Ce n’est pas étonnant si les pays Nordiques sont à l’avant-garde de la finance ESG. C’est l’aboutissement d’une tradition égalitaire et écologique bien ancrée dans leurs sociétés. A l’occasion du GSFI, Joakim Ahlberg, lead portfolio Manager chez Nordea Asset Management, a fait le déplacement de Copenhague afin d’exprimer son avis sur les enjeux de la gestion durable. En marge de la conférence, cet ancien responsable du secteur minier et pétrolier explique à Allnews comme il s’expose à ces thématiques dans une perspective ESG. Entretien.

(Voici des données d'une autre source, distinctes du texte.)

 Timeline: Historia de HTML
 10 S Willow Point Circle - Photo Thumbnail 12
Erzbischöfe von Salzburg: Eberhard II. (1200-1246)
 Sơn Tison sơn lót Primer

Comment l’ESG est-il appréhendé dans les pays Nordiques?

Rappelons que nos contrées se nourrissent des traditions d’égalité des droits pour tous et du recyclage. La philosophie de la durabilité est ainsi ancrée dans notre ADN depuis quelques décennies. Ce qui explique pourquoi aujourd’hui nos fleurons industriels atteignent de très bons scores ESG. Dans la pratique, les sociétés cotées fournissent depuis longtemps des reportings extra-financiers exhaustifs en comparaison de leurs pairs américains, qui se concentrent davantage sur les exigences de la SEC.

Nous consultons systématiquement en amont nos équipes dédiées ESG qui s’occupent de la recherche fondamentale américaine et globale.
Comment intégrez-vous la gestion durable dans vos portefeuilles?

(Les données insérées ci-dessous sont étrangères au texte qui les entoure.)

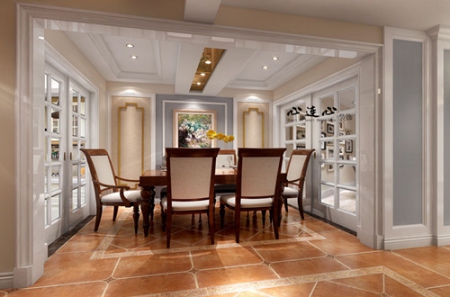 �������19-2-201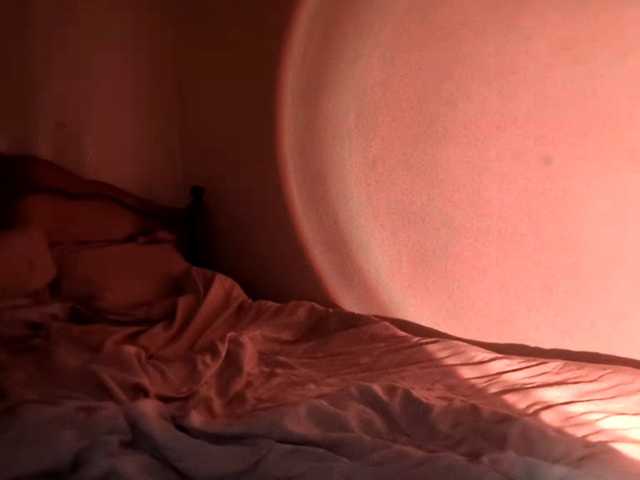 LashondaMillerd live cam on BongaCams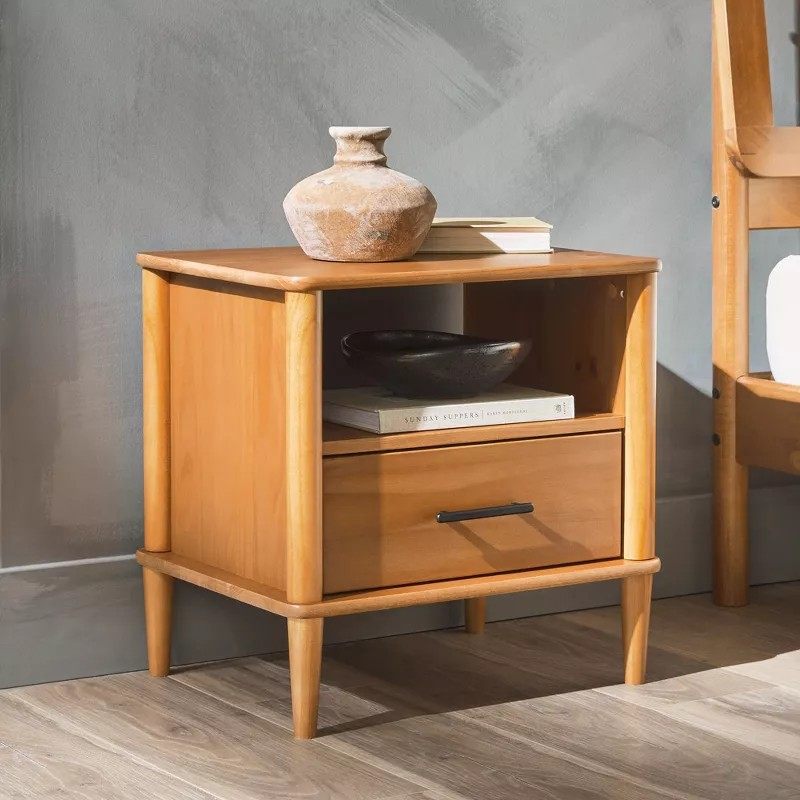 www.jingtongfurniture.com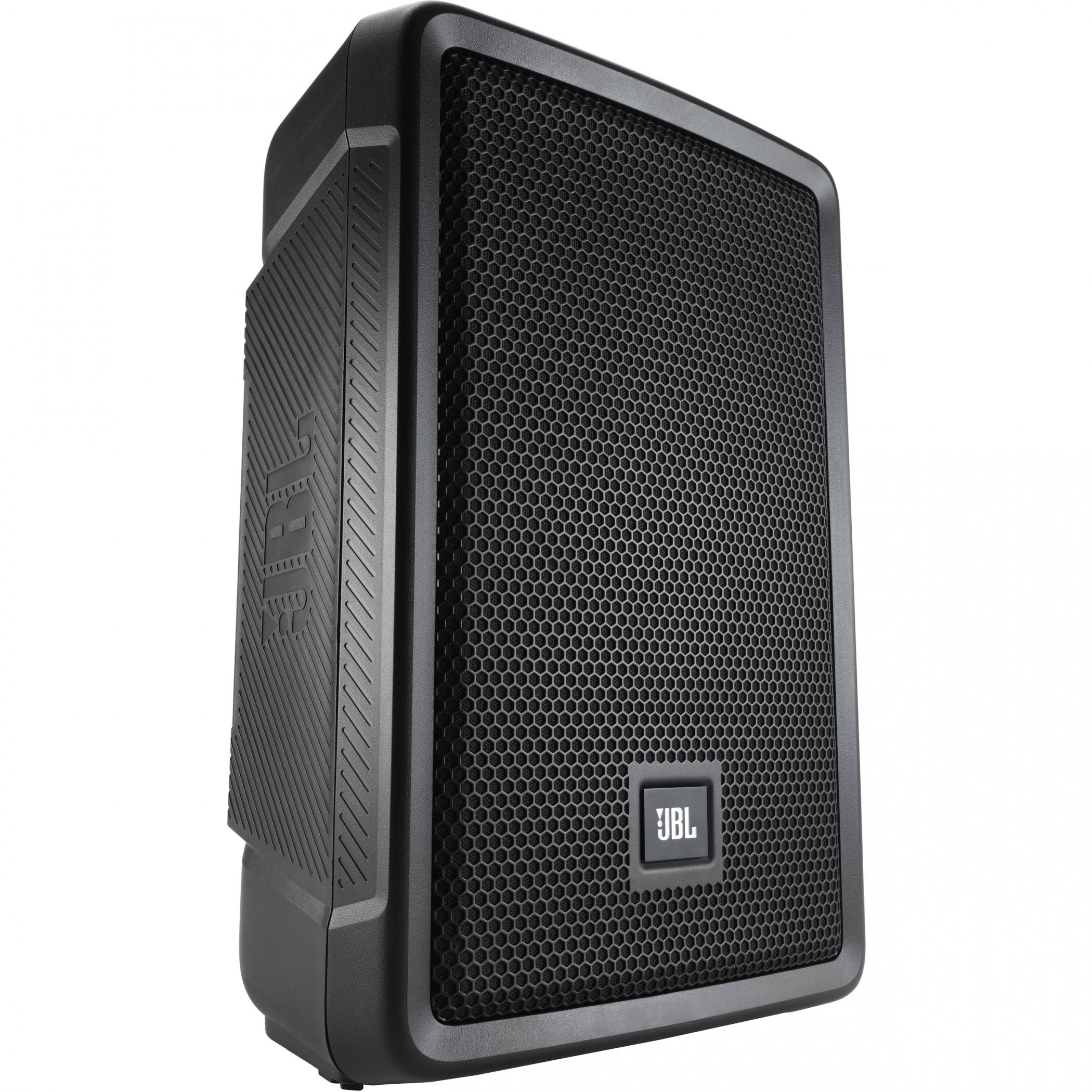 Hlavní obrázek Aktivní reproboxy JBL IRX108BT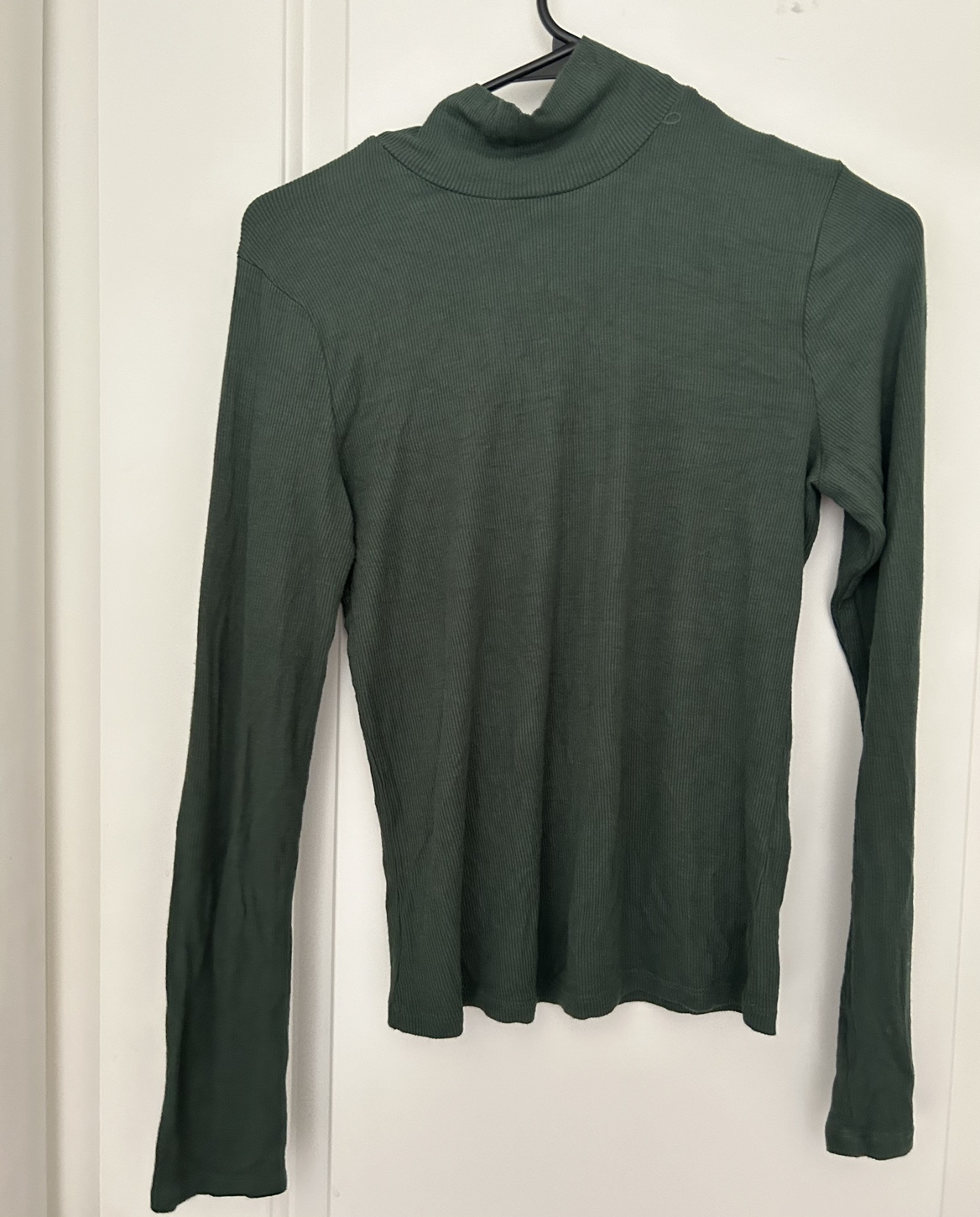 #Freecycle - photo 4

Nous l’incluons depuis le commencement du processus, c’est-à-dire avant même de réaliser nos investissements. Nous consultons systématiquement en amont nos équipes dédiées à l'ESG qui s’occupent de la recherche fondamentale américaine et globale. Cette intégration en amont signifie que nous sommes confortables avec les sociétés dans lesquelles nous avons investi. Ces équipes génèrent également des idées d’investissement thématiques comme l’électrification et les véhicules électriques. Enfin, nous nous concentrons aussi dans l’engagement avec les fournisseurs d’énergie afin qu’ils remplacent leurs infrastructures polluantes, car la meilleure manière d’avancer est de s’engager avec les sociétés.

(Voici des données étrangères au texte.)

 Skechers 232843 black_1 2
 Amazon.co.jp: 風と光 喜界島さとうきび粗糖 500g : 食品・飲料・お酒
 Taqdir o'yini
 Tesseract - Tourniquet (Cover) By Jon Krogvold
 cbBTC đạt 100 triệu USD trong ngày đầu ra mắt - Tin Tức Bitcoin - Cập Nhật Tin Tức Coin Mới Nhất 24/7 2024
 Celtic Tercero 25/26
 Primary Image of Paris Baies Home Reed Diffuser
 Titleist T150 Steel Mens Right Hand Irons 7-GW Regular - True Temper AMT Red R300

Selon vous, quels sont les enjeux de la gestion durable qui s’est intensifiée ces dernières années?

L’industrie tente de définir un moule unique afin d’appliquer des scores de manière uniforme. Mais l’ESG est bien plus complexe et dans le futur, l’on verra davantage de personnalisation de scores individuels à l’attention des investisseurs en fonctions des angles qu’ils observent (le social, la gouvernance ou l’environnement). C’est un défi colossal. Mais soulignons aussi que les définition ESG de base font défaut. Certains gestionnaires appliquent des raccourcis dans leur screening des sociétés, dans les exclusions ou encore dans les filtres de leurs portefeuilles. Mais ça ne suffit pas pour être véritablement qualifié de «vert».

En tant qu’ancien responsable de la recherche sur l’univers minier et pétrolier, quelle est votre approche sur ces enfants terribles de l’ESG?

A côté des grands groupes globaux qui opèrent dans des régions réputées difficiles comme l’Afrique, vous trouvez également au sein de cet univers très vaste de nouveaux entrants ainsi que des sociétés nordiques dont les activités se bornent aux terres boréales. D’un point de vue strictement ESG, certaines sociétés sont conformes. Mais de l’autre côté de l’équation, il y a aussi des sociétés pétrolières polluantes qui investissent massivement dans les énergies renouvelables. Nous avons donc un secteur à haute intensité capitalistique dont la rentabilité est problématique. D’ailleurs, nous n’avons aucun investissement dans le pétrole mais approchons la thématique à travers la société industrielle anglaise Rotork, qui fournit les sociétés pétrolières avec ses solutions pour la gestion des liquides. De même, nous ne sommes investis dans aucune mine. Mais sachant que le cuivre est une opportunité d’investissement pour la décennie à venir, portée par le marché des véhicules électriques, nous avons décidé d’acquérir des titres d’Epiroc, un fournisseur suédois de foreuses pour des mines de cuivre, qui profitera indirectement de la hausse de la demande de cuivre.